| WHAT THE TASK ASKS |
Once "Mercedes-Benz Mercedes-AMG A" turns up in a line below, reproduce that line and those after it exactly, stopping after the line with "Prodaný byt 3+kk 70 m²"; leave pictures out.

| RECORDS SUPPLIED |
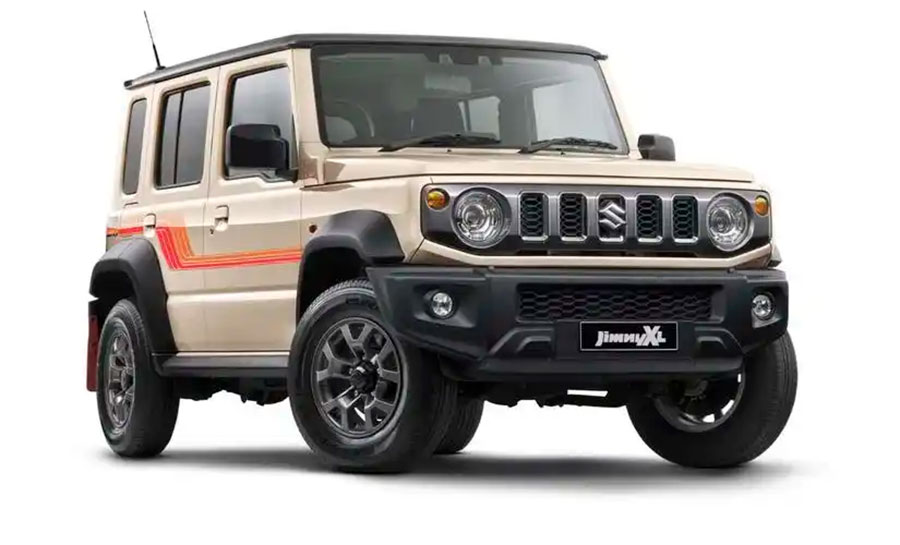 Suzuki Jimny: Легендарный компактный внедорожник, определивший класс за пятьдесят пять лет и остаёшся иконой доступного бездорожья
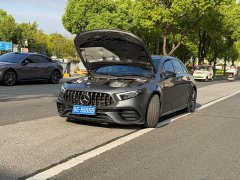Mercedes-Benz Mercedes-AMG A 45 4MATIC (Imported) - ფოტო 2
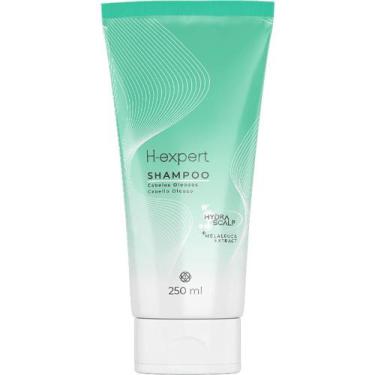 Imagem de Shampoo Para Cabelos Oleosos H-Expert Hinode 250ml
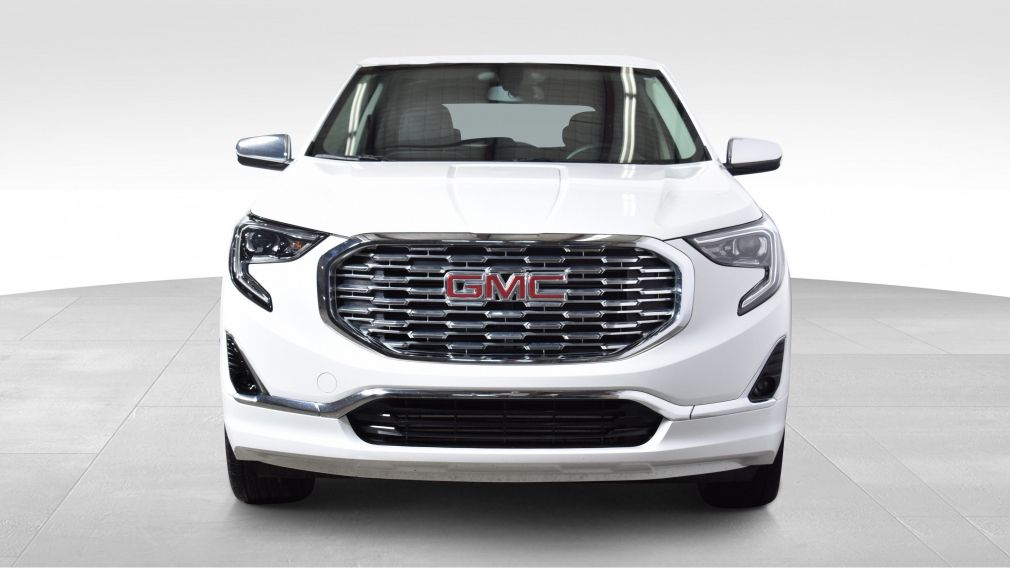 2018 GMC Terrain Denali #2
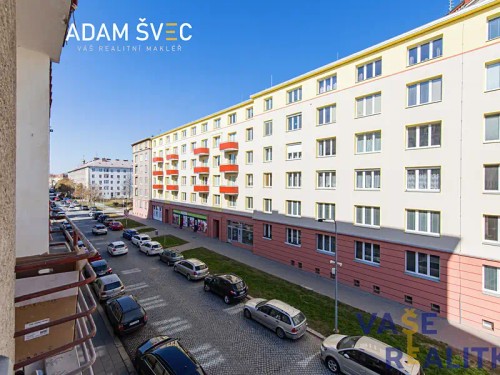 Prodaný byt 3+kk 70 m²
==
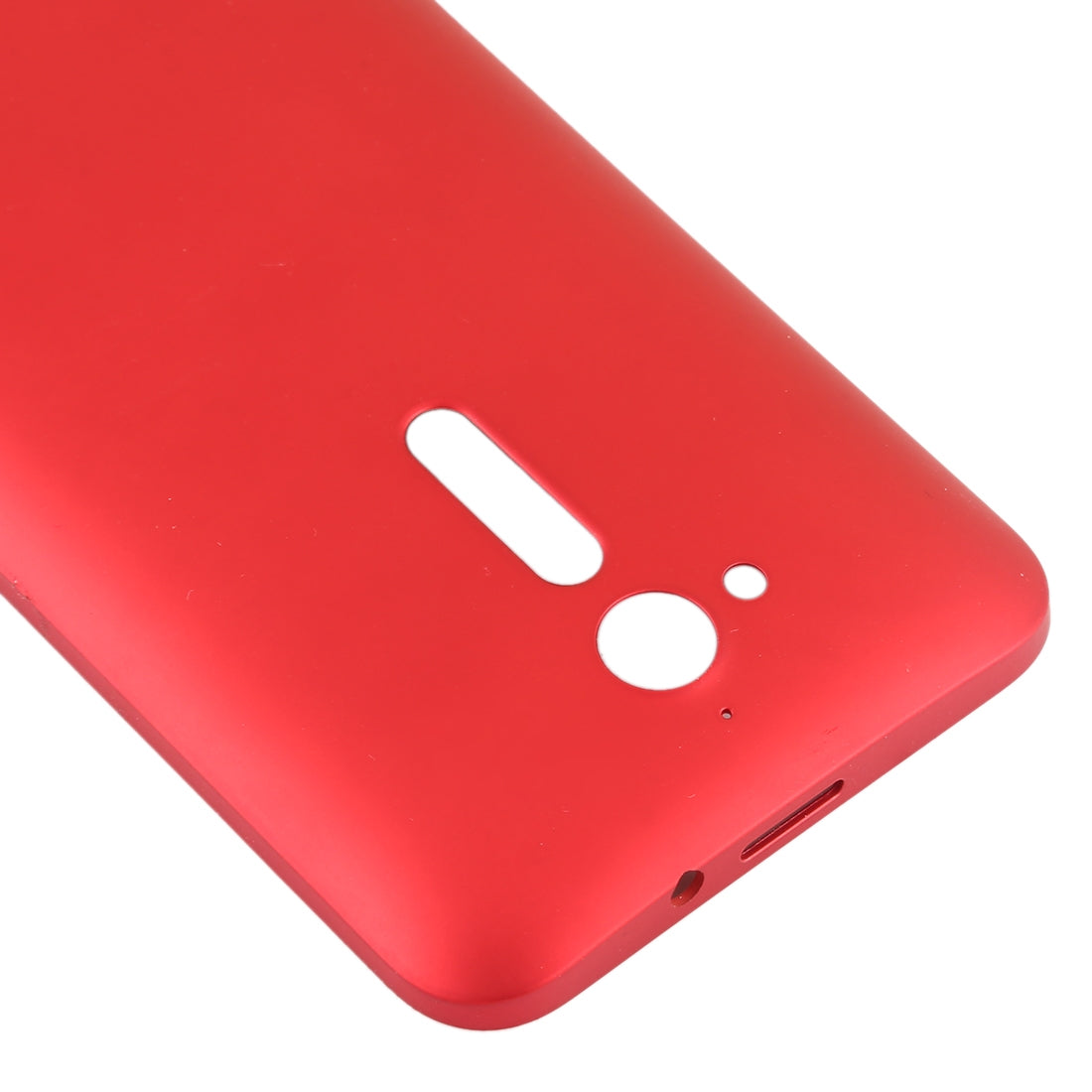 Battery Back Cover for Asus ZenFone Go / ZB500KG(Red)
--
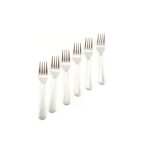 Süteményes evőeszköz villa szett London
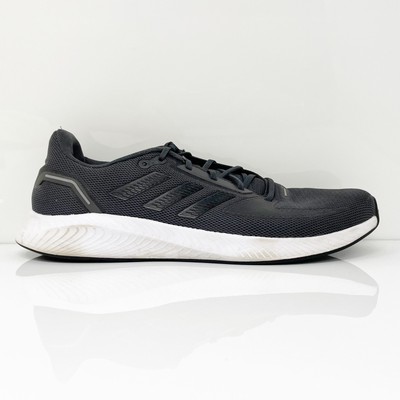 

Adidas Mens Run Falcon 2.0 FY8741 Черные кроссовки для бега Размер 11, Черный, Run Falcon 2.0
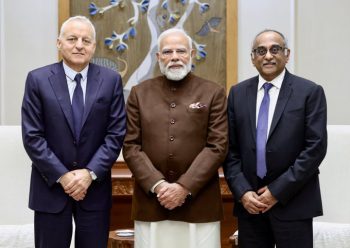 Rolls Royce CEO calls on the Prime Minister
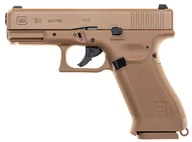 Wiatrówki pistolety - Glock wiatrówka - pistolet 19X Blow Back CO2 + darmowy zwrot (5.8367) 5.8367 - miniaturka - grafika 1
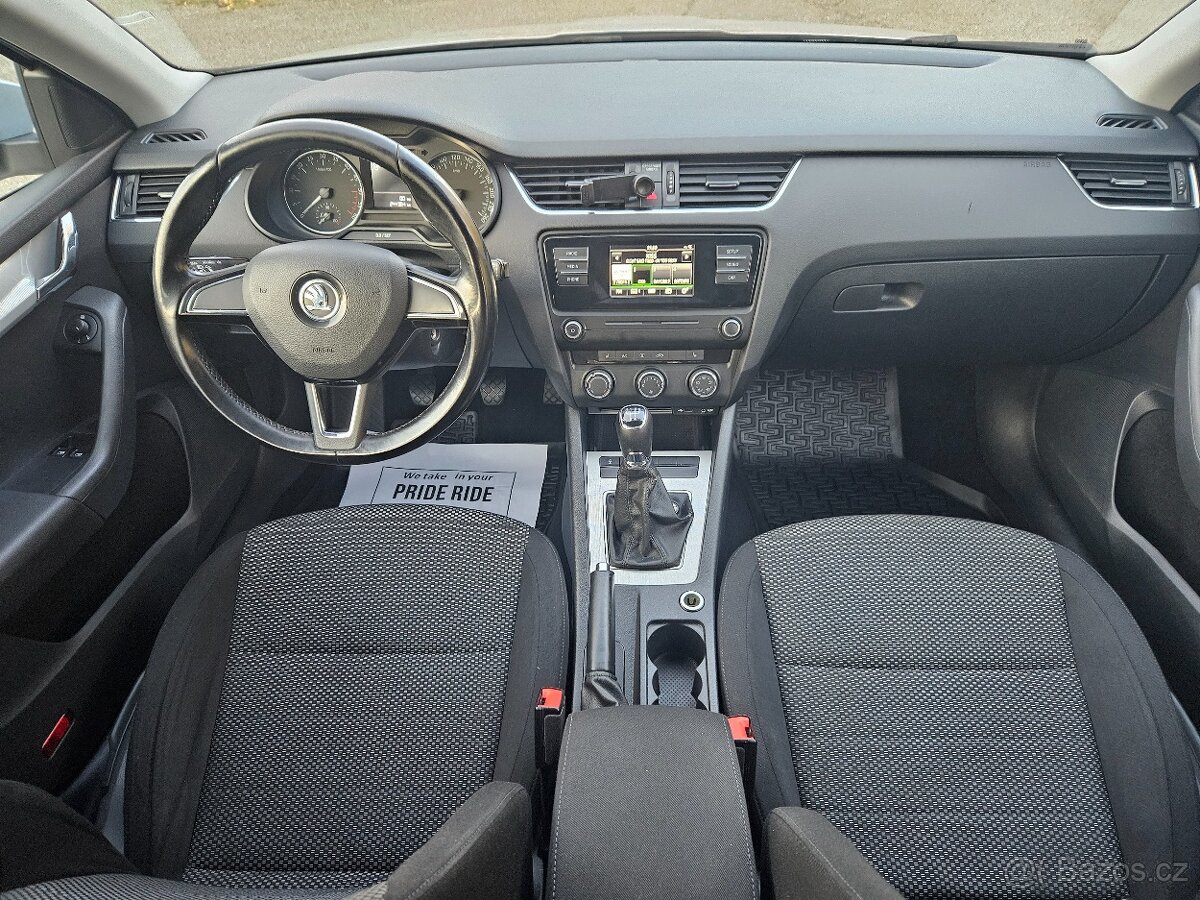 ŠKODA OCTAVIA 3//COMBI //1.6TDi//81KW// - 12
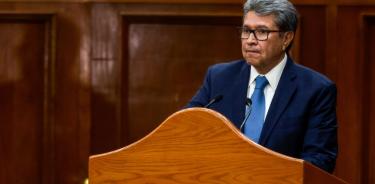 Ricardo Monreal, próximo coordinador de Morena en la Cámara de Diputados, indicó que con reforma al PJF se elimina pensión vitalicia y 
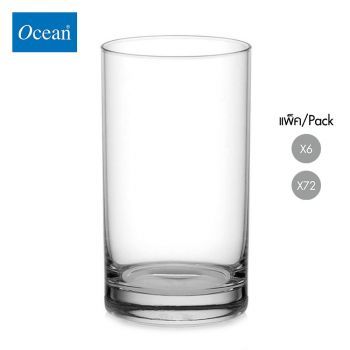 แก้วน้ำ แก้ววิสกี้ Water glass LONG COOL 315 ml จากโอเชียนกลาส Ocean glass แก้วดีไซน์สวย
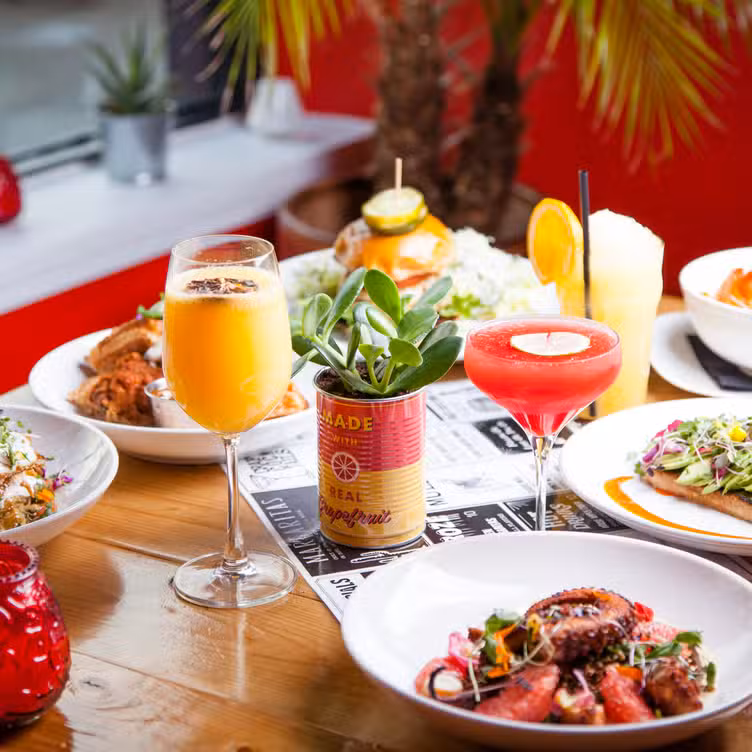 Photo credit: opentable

| FINISHED EXERCISE |
Mercedes-Benz Mercedes-AMG A 45 4MATIC (Imported) - ფოტო 2
 Imagem de Shampoo Para Cabelos Oleosos H-Expert Hinode 250ml
 2018 GMC Terrain Denali #2
 Prodaný byt 3+kk 70 m²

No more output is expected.